The bootstrapped container runs on Ubuntu 24.04, and contains CUDA version 13.1,
OpenMPI 4.1.7, Python 3.12 and PyTorch 2.11.
This image extends the bootstrapped PyTorch container with transformers package
from HuggingFace.
PyYAML is a package required by transformers that has already been installed by the
operating system package manager in the container. Pip will try to update PyYAML
(to 6.0.3 at the time this image was created), which will fail the build because
pip cannot change packages installed by the system package manager.
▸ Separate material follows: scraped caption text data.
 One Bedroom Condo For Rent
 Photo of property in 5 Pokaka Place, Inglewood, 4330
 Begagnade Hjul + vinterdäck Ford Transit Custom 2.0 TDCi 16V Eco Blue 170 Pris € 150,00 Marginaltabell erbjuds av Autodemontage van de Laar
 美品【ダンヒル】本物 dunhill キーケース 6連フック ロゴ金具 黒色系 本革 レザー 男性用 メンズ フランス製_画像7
Thus, PyYAML has to be pinned to the version used by the system package manager.
You can add other packages you need to the pip install command in the container definition above.
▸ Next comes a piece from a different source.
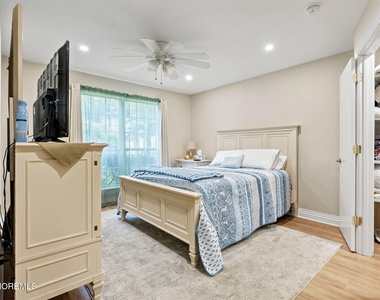101 Beaumont Court - Photo Thumbnail 10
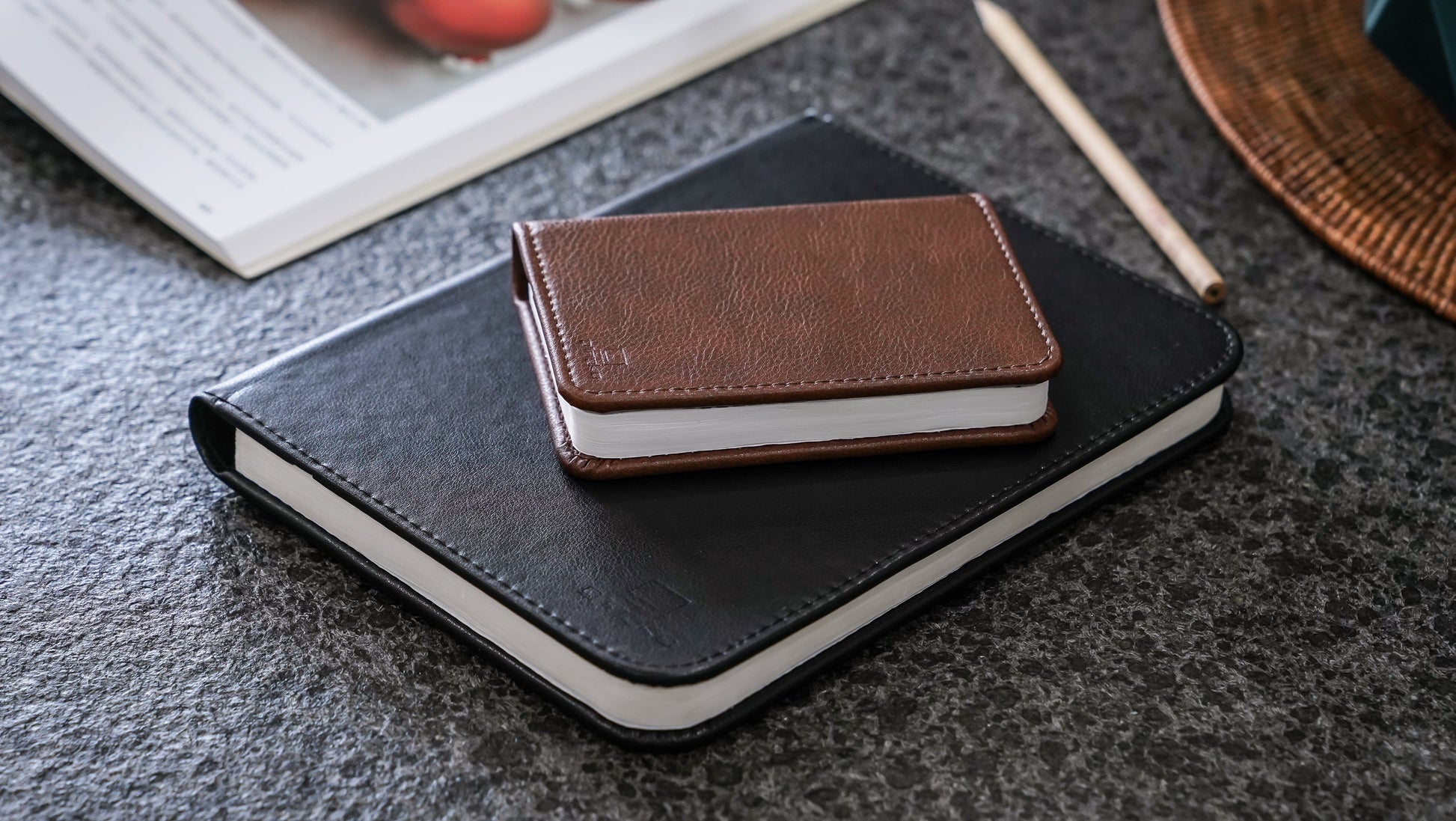 The Gingko Smart Book Light *Red Dot Design Award Winner* - ShopGreenToday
We also recommend documenting your container in the %help section
(which packages you have added and why).
Save your container definition to a file (here we will use pytorch-transformers-arm.def) and
track it with version control to back it up for reproducibility.
Next, you need to build the container image (SIF-file) from the definition file.
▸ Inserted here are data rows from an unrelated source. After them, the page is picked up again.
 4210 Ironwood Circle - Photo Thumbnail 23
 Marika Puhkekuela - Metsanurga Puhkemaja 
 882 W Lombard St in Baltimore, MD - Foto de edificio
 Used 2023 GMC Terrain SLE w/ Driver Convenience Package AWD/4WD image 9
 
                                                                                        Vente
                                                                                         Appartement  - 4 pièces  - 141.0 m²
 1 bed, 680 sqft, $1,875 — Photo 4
Building needs to happen on an ARM-device, which you can achieve for example with
the following sbatch script build-pytorch-transformers-arm-container.sh like so:
#!/bin/bash
#SBATCH --job-name=build-arm-container
#SBATCH --partition=gpu-grace-h200-141g
#SBATCH --cpus-per-task=4
#SBATCH --gpus=1
#SBATCH --time=01:00:00
#SBATCH --mem=128G
# You can replace $WRKDIR with $PWD to create the cache in your current working dir
mkdir -p "$WRKDIR/apptainer_cache"
export APPTAINER_CACHEDIR="$WRKDIR/apptainer_cache"
apptainer build pytorch-transformers-arm.sif pytorch-transformers-arm.def
After you have successfully built your container, you can start using it in your scripts. Here is a simple example of how to run an imaginary Python training script with two arguments using the container:
#!/bin/bash
#SBATCH --job-name=train-script
#SBATCH --partition=gpu-grace-h200-141g
#SBATCH --cpus-per-task=8
#SBATCH --gpus=1
#SBATCH --time=04:00:00
#SBATCH --mem=256G
# The --nv argument makes the GPU available within the container
apptainer exec --nv pytorch-transformers-arm.sif \
python train_script.py \
--arg1 foo \
--arg2 bar
You simply need to prepend calls to your scripts with the apptainer exec command. For a more comprehensive tutorial on apptainer, please see the third lesson of our Tuesday Tools & Techniques for HPC (TTT4HPC) course. Just keep in mind when reading the lesson that it assumes x86 architecture instead of ARM, so adjust the examples in the tutorial to use ARM. In other words, be sure to select an ARM container as your starting point, and run the building script on ARM hardware as shown above. And if you want or need any help setting up your ARM containers, you can always join SciComp garage for help.